** Dataset extract follows **

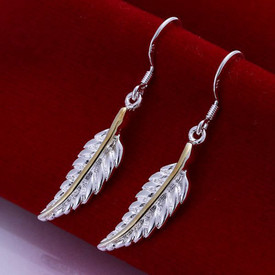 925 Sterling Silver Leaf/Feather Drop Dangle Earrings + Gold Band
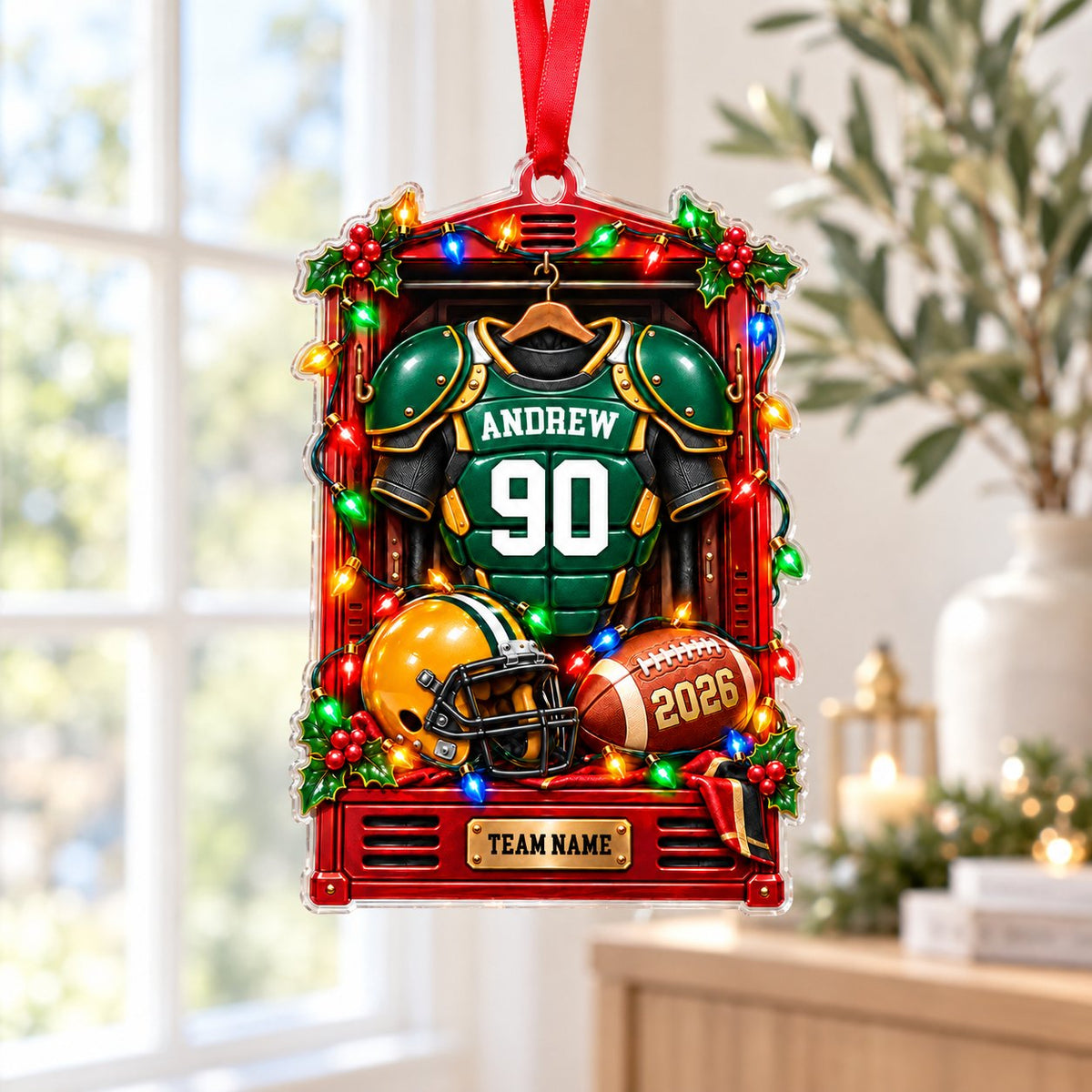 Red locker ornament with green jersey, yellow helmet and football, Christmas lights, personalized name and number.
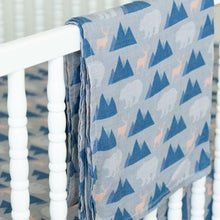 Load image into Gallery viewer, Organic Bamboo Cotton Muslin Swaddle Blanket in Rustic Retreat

** End of Dataset extract **

Exercise details =>
Word for word, repeat the data above with the pictures left out.

Task result =>
 925 Sterling Silver Leaf/Feather Drop Dangle Earrings + Gold Band
 Red locker ornament with green jersey, yellow helmet and football, Christmas lights, personalized name and number.
 Load image into Gallery viewer, Organic Bamboo Cotton Muslin Swaddle Blanket in Rustic Retreat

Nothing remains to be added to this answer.